The Arbitration Sequence

When the accelerated CPU needs to access a motherboard resource:

                  Accelerator                     Motherboard
                  ──────────                      ───────────
    1. CPU issues address     ──────────────►
    2. Bridge detects motherboard target
    3. Bridge asserts /BR      ──────────────►    Bus Request
    4.                         ◄──────────────    /BG (Bus Grant)
    5. Bridge asserts /BGACK   ──────────────►    Bus Grant Acknowledge
    6. Bridge waits for next 7 MHz clock phase
    7. Bridge drives address/data on motherboard bus
    8.                         ◄──────────────    Target asserts /DTACK
    9. Bridge relays data back to CPU
   10. Bridge releases /BGACK  ──────────────►    Bus released

Steps 3–6 are the sync-up penalty — the CPU is frozen (via /DSACK or /STERM withholding) while the bridge waits for the motherboard's clock phase alignment. This penalty varies from 2 to 8+ motherboard clocks depending on where in the 7 MHz cycle the request arrives.

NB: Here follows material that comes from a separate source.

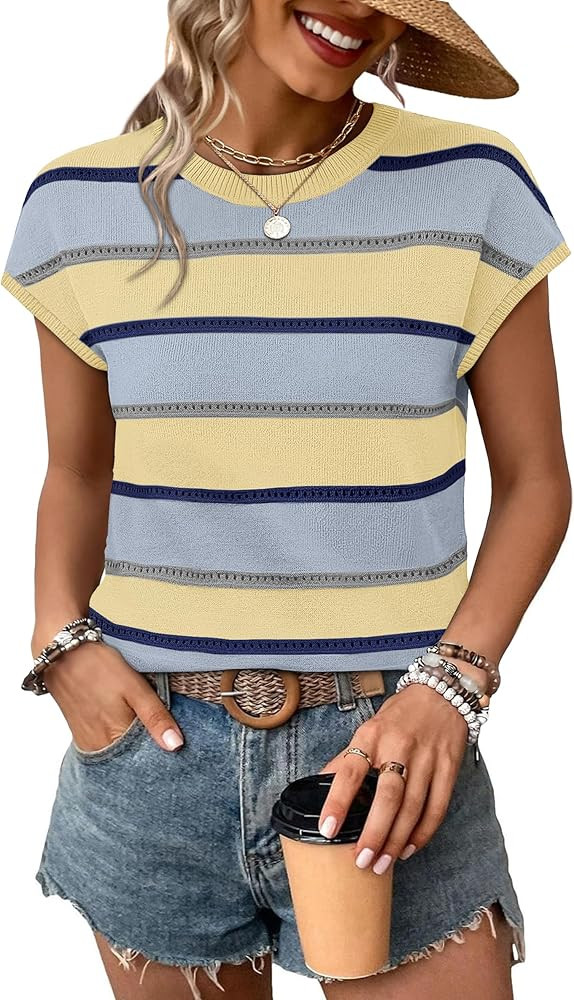 WIHOLL Womens Lightweight Sweater Spring Summer Outfits Cap Sleeve Hollow Out Knit Fashion Clothi... | Amazon (US)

The Bridge as a Speed Limiter

The bridge doesn't make motherboard access faster — it makes it not slower than the motherboard's native speed. But from the accelerated CPU's perspective, the penalty is enormous because the CPU could have executed many instructions from Fast RAM in the same time:

CPU	Clock	Fast RAM Access	Chip RAM Access	Penalty Ratio
68000 (stock)	7 MHz	N/A	~564 ns	1× (baseline)
68020 (A1200)	14 MHz	~140 ns	~564 ns	~4×
68030 @ 25 MHz	25 MHz	~80 ns	~700 ns	~9×
68030 @ 50 MHz	50 MHz	~40 ns	~700 ns	~18×
68040 @ 25 MHz	25 MHz	~40 ns (burst)	~800 ns	~20×
68060 @ 50 MHz	50 MHz	~20 ns (burst)	~800 ns	~40×

Important

The Chip RAM access time doesn't improve with a faster CPU — it's fixed by the motherboard clock. Only the penalty ratio increases because the CPU can do more useful work per nanosecond from Fast RAM.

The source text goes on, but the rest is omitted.